- What the task asks:
Go through the entries below, tally each line that has the word "Mean", and give only the total.

--- START ---

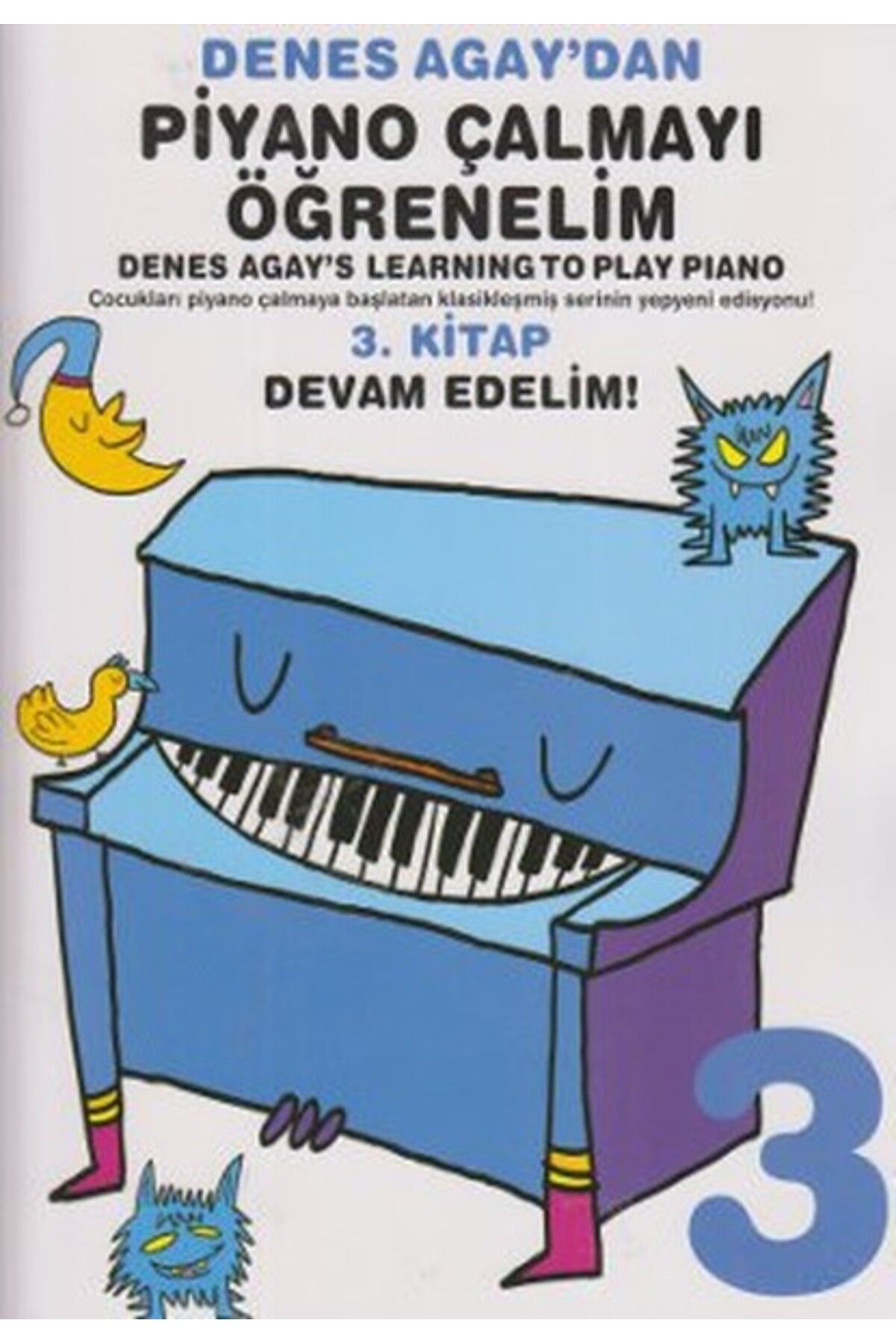Denes Agaydan Piyano Çalmayı Öğrenelim 3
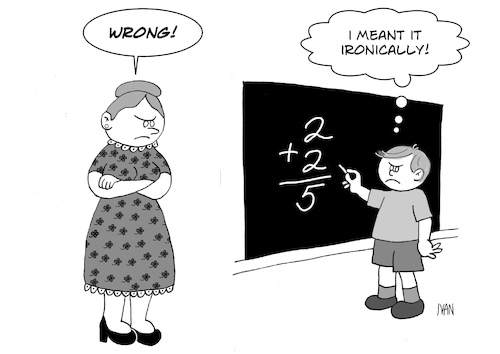 Cartoon: Irony vs. Sarcasm (medium) by fonimak tagged addition,classroom,irony
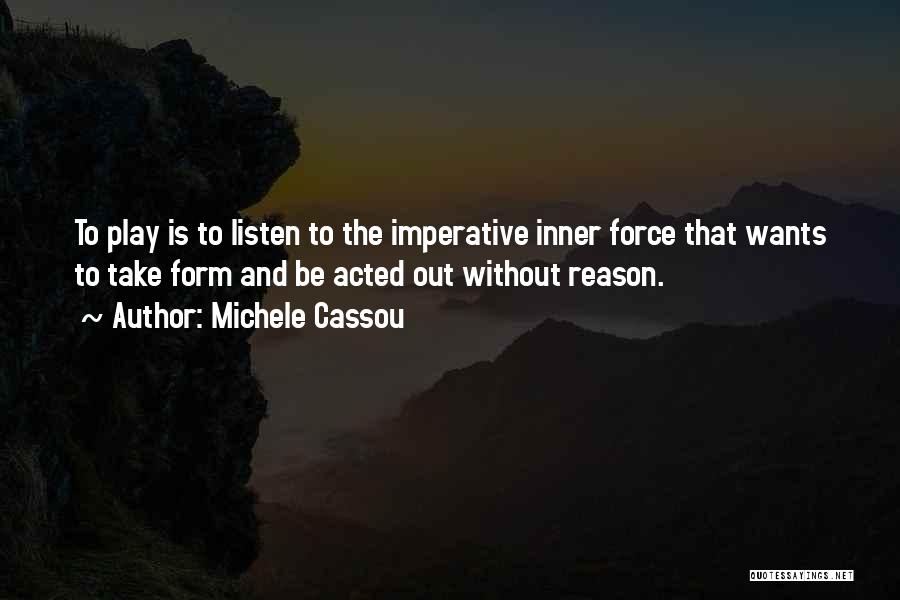 Michele Cassou Quotes: To Play Is To Listen To The Imperative Inner Force That Wants To Take Form And Be Acted Out Without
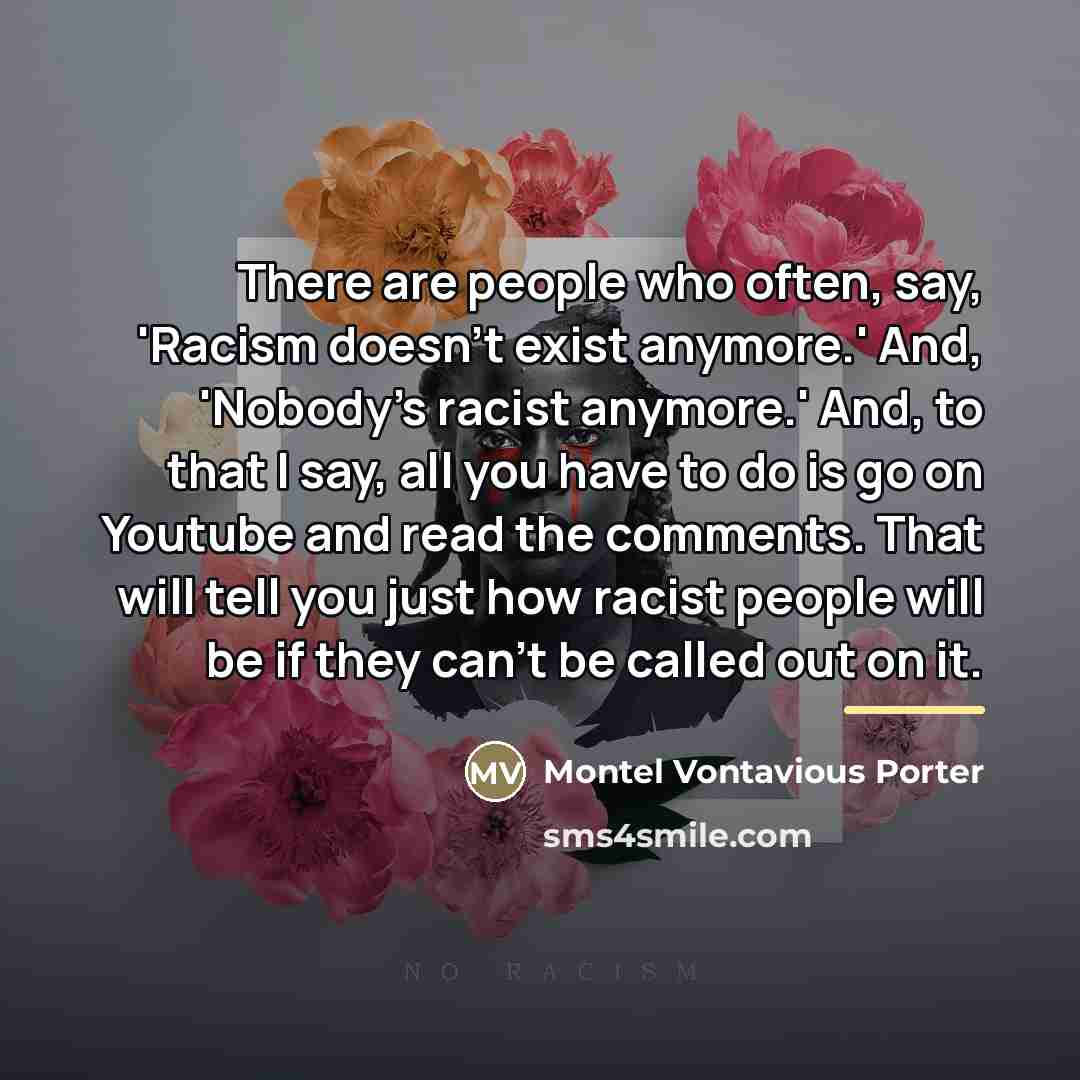 “There are people who often, say, 'Racism doesn't exist anymore.'…” quote by Montel Vontavious Porter
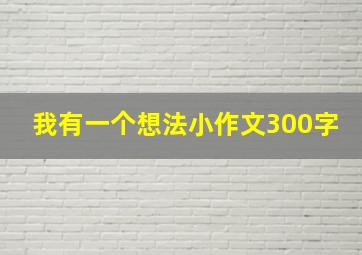 我有一个想法小作文300字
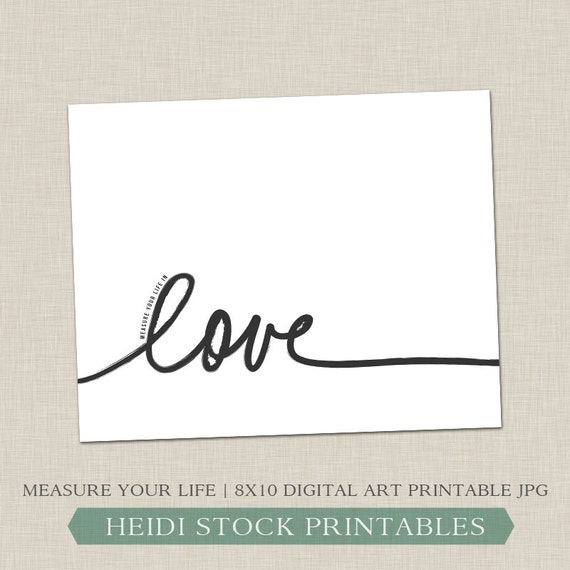 Items similar to INSTANT DOWNLOAD | Measure Your Life in Love | 8x10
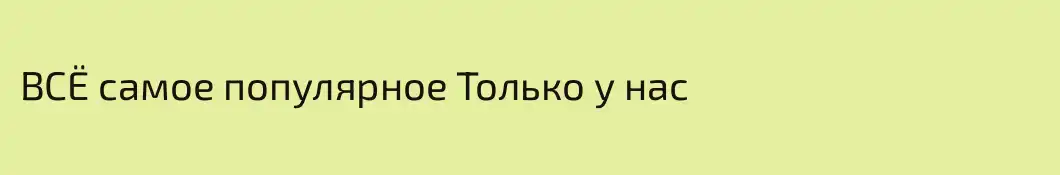 ВСЁ самое популярное Только у нас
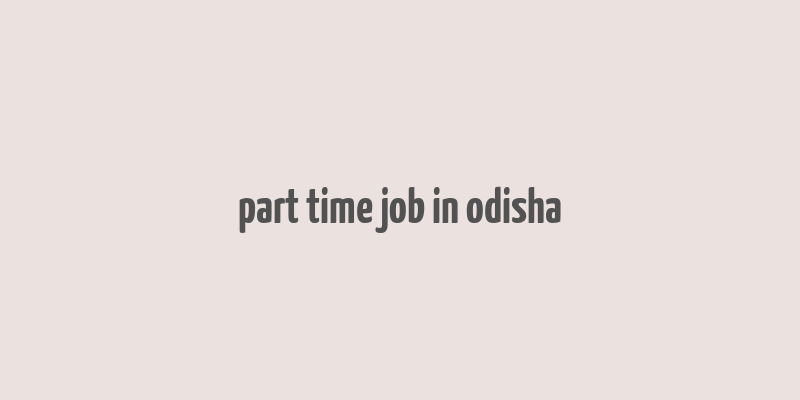 part time job in odisha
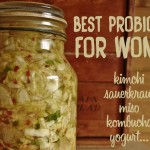 Best probiotics for women: kimchi, kombucha, yogurt...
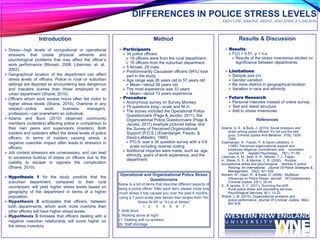 Method
 Participants:
 34 police officers
 18 officers were from the rural department
 16 officers from the suburban department
 5 female, 29 male.
 Predominantly Caucasian officers (94%) took
part in the study.
 Age range was 26 years old to 57 years old
 Mean—about 38 years old
 The most experience was 33 years
 Mean—about 13 years experience
 Procedure:
 Anonymous survey on Survey Monkey
 75 questions long—scale and fill in
 The survey included the Operational Police
Questionnaire (Page & Jacobs, 2011), the
Organizational Police Questionnaire (Page &
Jacobs, 2011) example pictured below, and
the Survey of Perceived Organizational
Support (P.O.S.) (Eisenberger, Fasolo, &
Davis-LaMastro, 1990)
 P.O.S. was a 36 question survey with a 0-6
scale including reverse coding
 Additional inquiries were made, such as: age,
ethnicity, years of work experience, and the
department
DIFFERENCES IN POLICE STRESS LEVELS
ERIN LAW, SIMONE ARENT, AND JESSICA CARLSON
Introduction
 Stress—high levels of occupational or operational
stressors that create physical ailments and
psychological problems that may affect the officer’s
work performance (Morash, 2006; Liberman, et. al.,
2002).
 Geographical location of the department can affect
stress levels of officers. Police in rural or suburban
settings are depicted as encountering less dangerous
and macabre scenes than those employed in an
urban department (Shane, 2010).
 Officers whom work excess hours often fall victim to
higher stress levels (Shane, 2010). Overtime in any
respect—police work, business managers,
professors—can overwhelm an individual.
 Adams and Buck (2010) observed community
members (outsiders) affecting police in comparison to
their own peers and supervisors (insiders). Both
insiders and outsiders affect the stress levels of police
officers. In terms of insiders causing stress, a
negative coworker impact often leads to stressors in
officers.
 Job context stressors are unnecessary, and can lead
to excessive buildup of stress on officers due to the
inability to escape or oppress the complication
(Shane, 2010).
 Hypothesis 1 for the study predicts that the
suburban department, compared to their rural
counterpart, will yield higher stress levels based on
geography of the department in terms of a higher
population.
 Hypothesis 2 anticipates that officers, between
both departments, whom work more overtime than
other officers will have higher stress levels.
 Hypothesis 3 foresees that officers dealing with a
negative coworker relationship will score higher on
the stress inventory.
Results & Discussion
 Results:
 F(2) = 0.51, p = n.s.
 Results of the stress inventories elicited no
significance between departments.
 Limitations:
 Sample size (n)
 Gender variation
 Be more distinct in geographical location
 Variation in race and ethnicity
 Future Research:
 Personal interview instead of online survey
 Test and retest structure
 Add to stress inventories
References
Adams, G. A., & Buck, J. (2010). Social stressors and
strain among police officers: It’s not just the bad
guys. Criminal Justice And Behavior, 37(9), 1030-
1040.
Eisenberger, R., Fasolo, P., & Davis-LaMastro, V.
(1990). Perceived organizational support and
employee diligence, commitment, and innovation.
Journal Of Applied Psychology, 75(1), 51-59.
Liberman, A. M., Best, S. R., Metzler, T. J., Fagan, J.
A., Weiss, D. S., & Marmar, C. R. (2002). Routine
occupational stress and psychological distress in police.
Policing: An International Journal Of Police Strategies &
Management, 25(2), 421-439.
Morash, M., Haarr, R., & Kwak, D. (2006). Multilevel
Influences on Police Stress. Journal Of Contemporary
Criminal Justice, 22(1), 26-43.
S., & Jacobs, S. C. (2011). Surviving the shift:
Rural police stress and counseling services.
Psychological Services, 8(1), 12-22.
Shane, J. M. (2010). Organizational stressors and
police performance. Journal Of Criminal Justice, 38(4),
807-818.
Operational and Organizational Police Stress
Questionnaire
Below is a list of items that describe different aspects of
being a police officer. After each item, please circle how
much stress it has caused you over the past 6 months,
using a 7-point scale (see below) that ranges from “No
Stress At All” to “A Lot of Stress”
1 2 3 4 5 6 7
1.Shift Work
2.Working alone at night
21. Dealing with co-workers
26. Staff shortage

--- END ---

- Written solution:
2